§ **Directions for this task**
Start with the first line of the material. Repeat each line exactly through the one that contains "סמוך לרצועת עזה".
▽
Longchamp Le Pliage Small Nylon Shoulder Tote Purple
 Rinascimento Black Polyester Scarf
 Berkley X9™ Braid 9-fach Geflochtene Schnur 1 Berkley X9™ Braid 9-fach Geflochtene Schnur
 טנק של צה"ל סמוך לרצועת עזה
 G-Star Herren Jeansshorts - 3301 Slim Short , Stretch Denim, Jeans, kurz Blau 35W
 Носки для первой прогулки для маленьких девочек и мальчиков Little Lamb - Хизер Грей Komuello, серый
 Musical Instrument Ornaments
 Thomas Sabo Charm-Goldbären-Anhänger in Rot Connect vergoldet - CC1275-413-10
△
§ **Solution to this problem**
Longchamp Le Pliage Small Nylon Shoulder Tote Purple
 Rinascimento Black Polyester Scarf
 Berkley X9™ Braid 9-fach Geflochtene Schnur 1 Berkley X9™ Braid 9-fach Geflochtene Schnur
 טנק של צה"ל סמוך לרצועת עזה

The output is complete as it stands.